One of the impacts of the slowing economic growth in Indonesia is the rise of poverty. About 1.1 million more people from 26 provinces became newly poor (defined as those whose incomes fell below the poverty line) between September 2014 and September 2015. At the same time, 268,000 people from 13 provinces were lifted from poverty. According to Central Statistics Agency (BPS) figures, the total number of people in absolute poverty is now 28.2 million, an increase of 2.8 percent over the same period, but these figures hide the wide differentials of poverty increases among provinces in the country. Major provinces in Sumatra, except Lampung, had worsening poverty. North Sumatra, Riau and Jambi registered a double-digit increase in the number of their poor people. These provinces are major commodity producers and so they were not only hit by the falling commodity prices, but also by forest fires and the smoky haze they spewed that rampaged through those provinces for several months in 2015.
The highest increase in poverty was in East Nusa Tenggara (NTT), where it jumped by 17 per cent, six times the rate of increase of the national average. But the most baffling is Bali, where despite its flourishing tourist industries, its number of poor people went up by 11 per cent, the third largest increase in the country after NTT and Riau. In Sulawesi, except in West Sulawesi where poverty declined by 1 percent, all provinces suffered substantial increases in poverty, the biggest being in Southeast Sulawesi where the number of poor increased by almost 10 per cent. In Kalimantan, out of four provinces, only West Kalimantan suffered a poverty increase. Surprisingly, despite the fall in coal prices and declining exports, the number of poor people in East Kalimantan fell by 17 percent. Papua, which has the highest poverty rate in the country, surprisingly experienced a modest increase in poverty, while in West Papua the number of the poor did not change.

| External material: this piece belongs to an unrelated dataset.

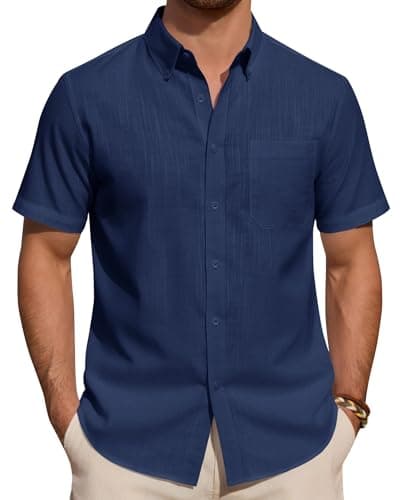 Image of J.VER Linen Shirts Men Navy Blue Summer Short Sleeve Regular Fit Smart Casual Lightweight Holiday Beach Button Down Shirt XL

In Java, the number of poor people increased in Banten and West Java and slightly increased in East Java. In Central Java, the number of poor people declined by 1.8 percent, while in Yogjakarta it dropped by nearly 9 percent. In Jakarta, the capital, the number of poor people fell by 10.7 percent. This is not surprising given the aggressive actions by its governors in implementing various social programs to alleviate poverty, specially by issuing various smart cards to the poor. It is not clear at this point why few provinces managed to reduce poverty. The presence of a high number of manufacturing industries is no guarantee for containing poverty, as shown in Banten or West Java. But political will by the head of the local government could play an important role in reducing poverty, in the form of their determination to build infrastructure a high priority in their budget, to spend more on health and education and to improve the access for the poor to water and better sanitation.
Unfortunately as most provinces lack the resources and determination to alleviate poverty, the general trend has been an increase in poverty. Besides, there are also several reasons that could be attributed to the increase of poor people during this period. First, because economic growth slowed, many companies have shredded their workforces, economic activities shrank and many lost their jobs.
Second, when President Joko "Jokowi" Widodo decided to cut fuel subsidies at the end of 2014, the government initiated the Prosperous Family Savings Program (PSKS), a temporary cash handout to the poor, with the objective of shielding them from the effects of fuel price increases, but because of the budget fiasco in 2015, the cash disbursement to the poor was delayed and it was distributed only in April 2015. Therefore, the poor were practically unprotected during the first three months of 2015, at a time when the impacts of the fuel price increases had already started. Another reason is that during this time, as reported by the BPS, while real wages of construction workers stagnated, real wages of farm workers shrank by 2 per cent. As the majority of farm workers are poor, the decline in their real wages has significant impact on the poverty increase. But the most damaging reason for the increase in poverty is the steep rise in rice prices.Given the large need for rice on the poverty line, a small increase in rice prices could lead to a substantial increase in the incidence of poverty. This is because income of the poor is mostly used for buying rice, but last year the increase in rice prices was not small. According to the BPS, the price of rice of inferior quality - the kind that is mostly consumed by the poor - rose by 9.5 per cent between December 2014 and December 2015. The poor, especially farm workers, must have been badly hurt by the rice price increase because it happened when their real wages went down 2 per cent.
So in protecting the poor and keeping poverty low, there is nothing more critical than stabilising the prices of rice, but the government record in this matter was poor last year. Estimates of rice production by the Agriculture Ministry showed a surplus, but in fact rice stocks dwindled and prices kept surging. Reluctantly, the government has finally conceded that it had to import rice. It ultimately imported 848,000 tons of rice from fourth quarter to January 2015 and an additional of 600,000 tons are on their way. Maintaining an adequate supply of rice for the government is getting more complicated in the face of the impact of El Niño and a delay of rice planting for several months. The problems are confounded by the unreliable government statistics on rice production on which policy for building rice stocks are based. The uncertainty has forced the government to resort to importing rice, but for the sake of preventing rice prices and poverty from increasing, importing rice should not be done on ad hoc basis.
The writer is a commissioner at a publicly listed oil and gas services company.